§ Assignment: Write out the records once more, exactly, and keep any image out.

Entries taken from a collection

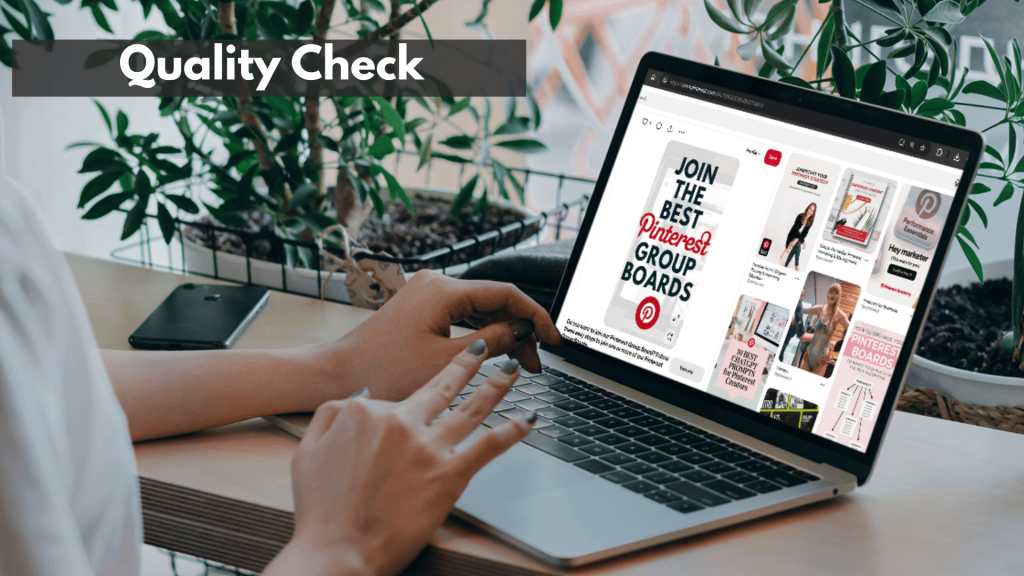 A woman browsing group boards on Pinterest with her laptop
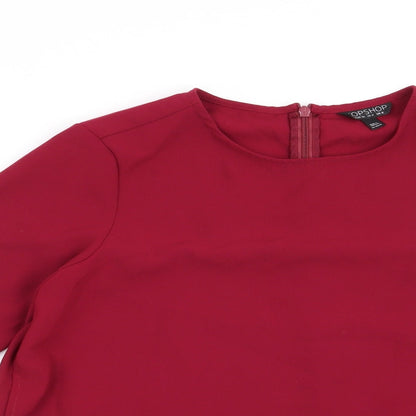 Womens UK Size 8 Topshop Red Basic Blouse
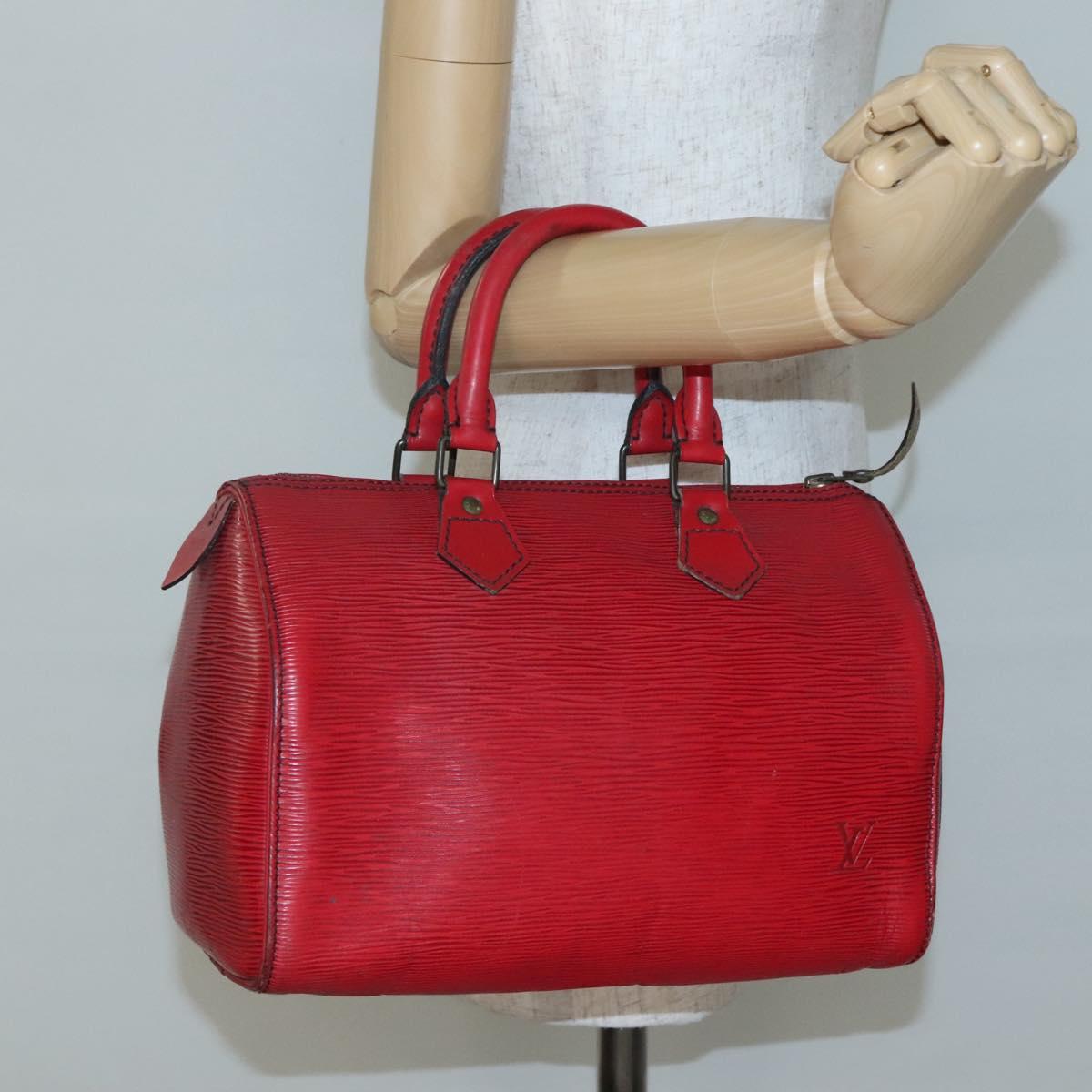 LOUIS VUITTON Epi Speedy 25 Hand Bag Castilian Red M43017 LV Auth 142129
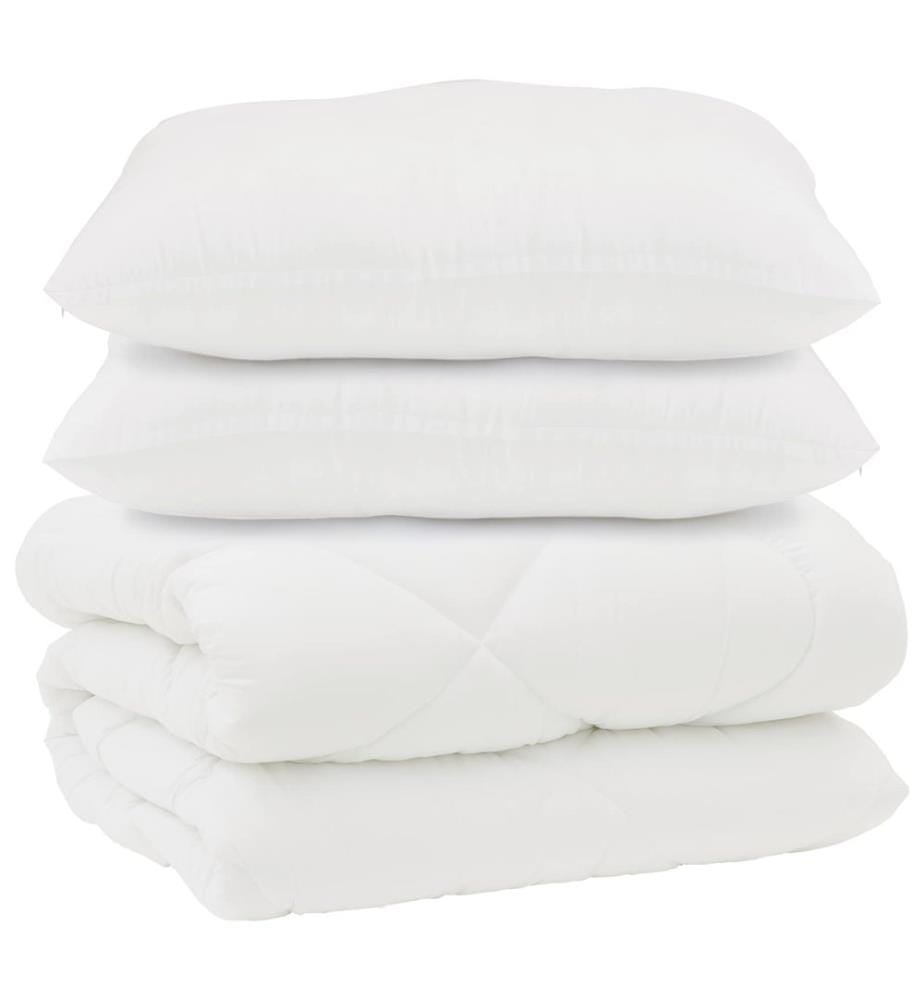 Decke mit Kissen 3 pcs Weiss Mikrofaser und Daunenfedern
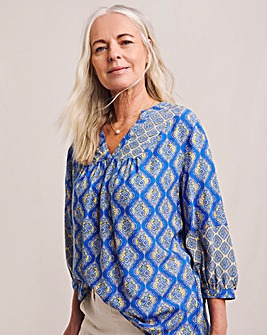 Julipa Mix Print Notch Neck Blouse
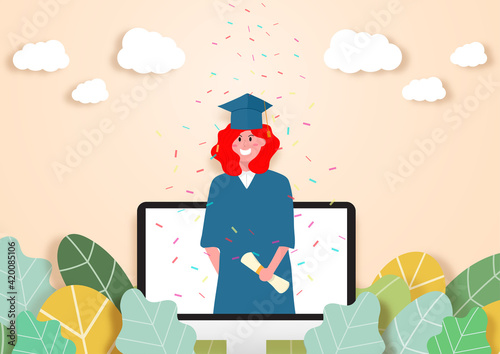 Class of 2021 Virtual  graduation ceremony concept.Student receive diploma.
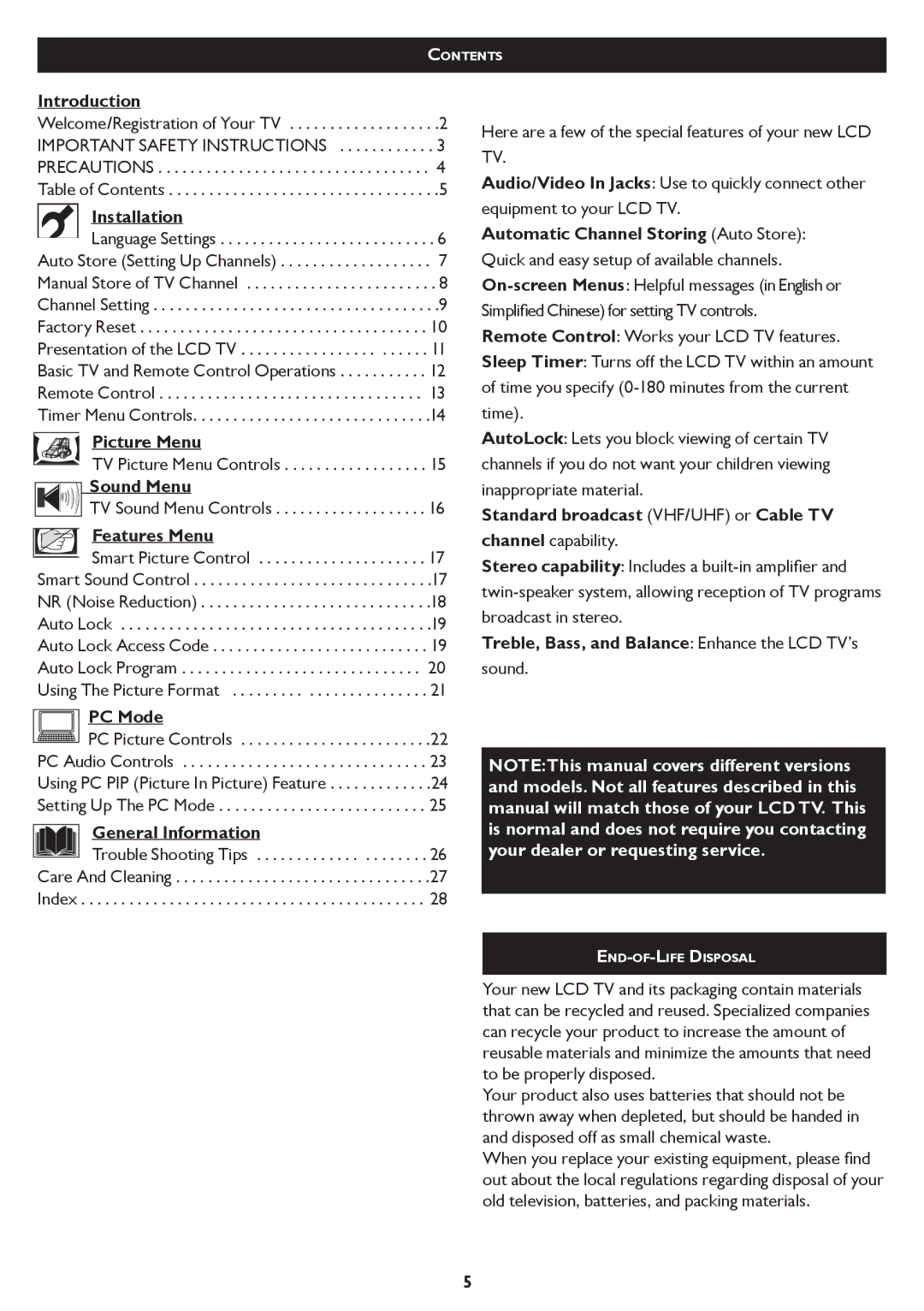 Philips 37TA1800, 42TA1800 user manual Picture Menu 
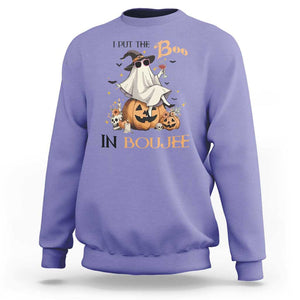 I Put The Boo In Boujee Sweatshirt Halloween Cute Lady Ghost Is Drinking Wine Pumpkin TS11 Violet Print Your Wear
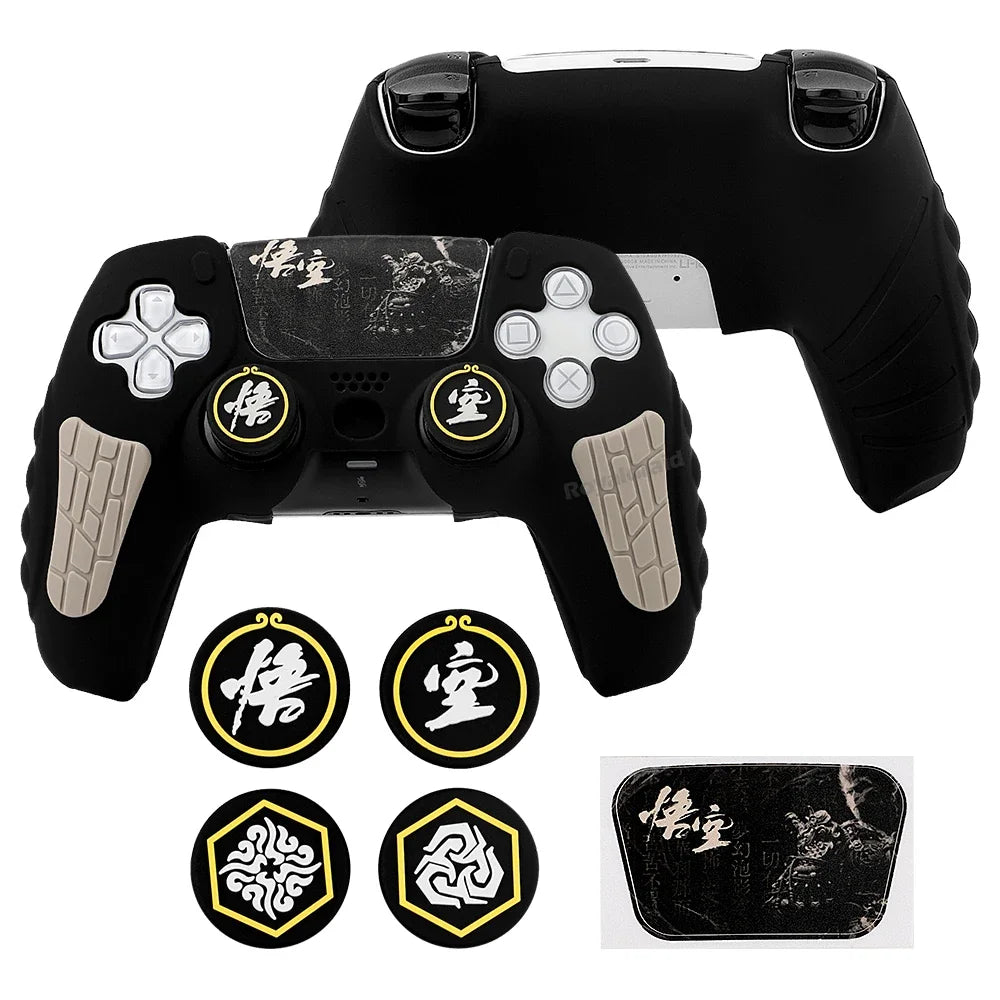 Custodia Protettiva in Silicone Antiscivolo per Controller PS5 – Set Completo con Grip Caps e Adesivo Touchpad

§ Solution:
 A woman browsing group boards on Pinterest with her laptop
 Womens UK Size 8 Topshop Red Basic Blouse
 LOUIS VUITTON Epi Speedy 25 Hand Bag Castilian Red M43017 LV Auth 142129
 Decke mit Kissen 3 pcs Weiss Mikrofaser und Daunenfedern
 Julipa Mix Print Notch Neck Blouse
 Class of 2021 Virtual  graduation ceremony concept.Student receive diploma.
 Philips 37TA1800, 42TA1800 user manual Picture Menu 
 I Put The Boo In Boujee Sweatshirt Halloween Cute Lady Ghost Is Drinking Wine Pumpkin TS11 Violet Print Your Wear
 Custodia Protettiva in Silicone Antiscivolo per Controller PS5 – Set Completo con Grip Caps e Adesivo Touchpad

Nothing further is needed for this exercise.